Por Miguel Ángel Burciaga.

Volviendo algunos años atrás a la Europa Central, cabe mencionar, que entre las disputas de italianos y alemanes por imponer sus tradiciones, Francia seguía su búsqueda y su camino por encontrar una tradición musical que fuera dominante.

Después de las terribles consecuencias sociales y materiales que dejaron la guerra civil de la Revolución y el fracaso del imperio Napoleónico, Francia adoptó el romanticismo, aunque durante un tiempo parecía más un centro para el florecimiento de los músicos extranjeros, con pocas opciones para los locales.

París era un gran centro cultural, que fue relevante para la carrera de autores de la talla de Donizetti, Rossini, Verdi, Chopin o Liszt. En su momento lo fue incluso para Mozart o para Beethoven. Sin embargo, a pesar de ser un lugar de gran prestigio en el ámbito cultural, Francia no encontraba un estilo propio que compitiera con estos genios. La corrupción que se generó en la música a causa de Lully, el compositor del Rey Sol, en la etapa de los Luises, impidiendo el desarrollo de otros músicos que no fueran él; la imposición del elegante pero superfluo estilo rococó, en lugar del estilo clásico que pregonaban autores como Haydn, Mozart o los compositores de ópera bufa; y el tremendo auge de la música germana e italiana con la aparición de dos genios colosales como Beethoven y Rossini, limitaron el progreso de la música francesa.

Sin embargo, Francia siempre se caracterizó por un fuerte poderío económico, de manera que el impulso de la cultura era bastante pujante. Es así como echando mano de esta capacidad material, Francia impulsa el desarrollo de expresiones de magnitud monumental, de las cuales carecía Italia o Alemania. Es así que surge el estilo musical más característico francés: La Grand Opera.

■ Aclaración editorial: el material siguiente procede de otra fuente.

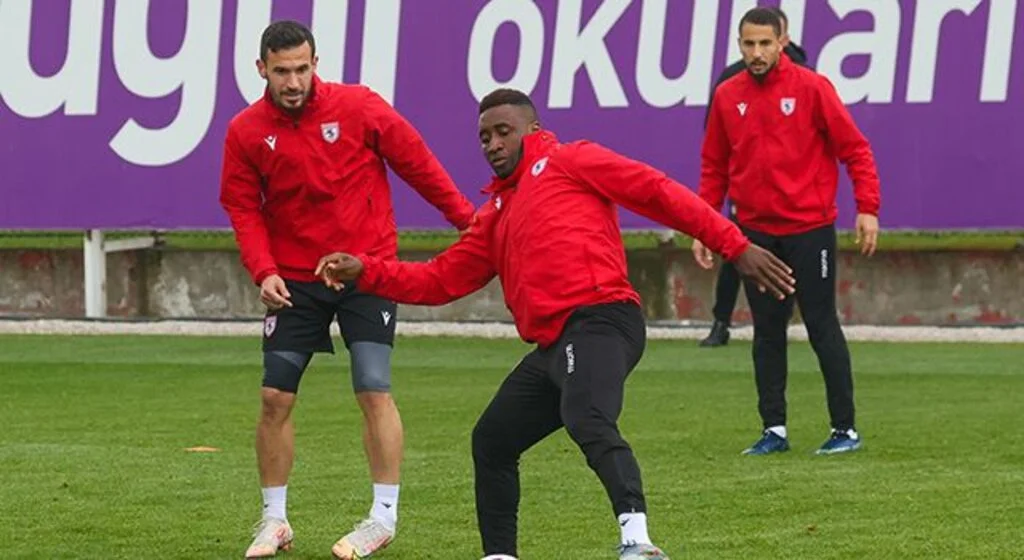 Samsunspor Play-off startını bugün verecek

La Grand Opera u “ópera espectáculo”, se caracterizaba más que por los elementos de la técnica musical por el gran despliegue escénico que requería, las obras pertenecientes a este estilo necesitan de grandes ballets, orquestas gigantes, varios coros, una gran maquinaria para efectos especiales y vestuario, e historias de gran impacto emocional que puedan conjuntar todos estos elementos.

Si bien, al igual que todos los estilos musicales, muchas óperas pertenecientes a este estilo, eran mera parafernalia de poco contenido artístico, como ocurre en la gran industria del cine hollywoodense, otras se convirtieron en obras emblemáticas del repertorio, que terminarían por influir a otros autores, incluso italianos y alemanes, como fue el caso de Verdi con Aída o Wagner con Tannhauser.

La ópera monumental, termino por definir un estilo propio en la música francesa, ya que la manera de plantear las escenas lógicamente requería de otra construcción musical muy diferente a la italiana, que se centraba más a la acción y a la explotación del canto, de manera que rápidamente definieron sus formas y estilos para hacer música.

Por otra parte, la gran opera francesa en su afán de recrear historias y ámbitos más originales y fantásticos, empezaron a incluir intensamente los elementos exóticos de muchas culturas ajenas a la occidental, tales como la árabe, la hebrea o la oriental, enriqueciendo profundamente la paleta orquestal y los modos de plantear ideas musicales.

La oleada francesa que partiría de la mano del innovador autor orquestal Hector Berlioz, del cual hablé anteriormente, y de Giacomo Meyerbeer, uno de los principales creadores de Grand Opera, la nueva generación de excelentes compositores como Saint- Saëns, Massenet o Gounod, darían una personalidad distintiva a la música francesa, que se trasladaría a los géneros sinfónicos y camarísticos, al punto de convertirse hacia el final del siglo XIX en el lugar donde surgirían las primeras vanguardias que romperían con el lenguaje romántico y abrirían paso a la música del siglo XX que se impondría en todo Occidente. En los próximos artículos hablaré detenidamente de algunos de los exponentes más importantes de este país.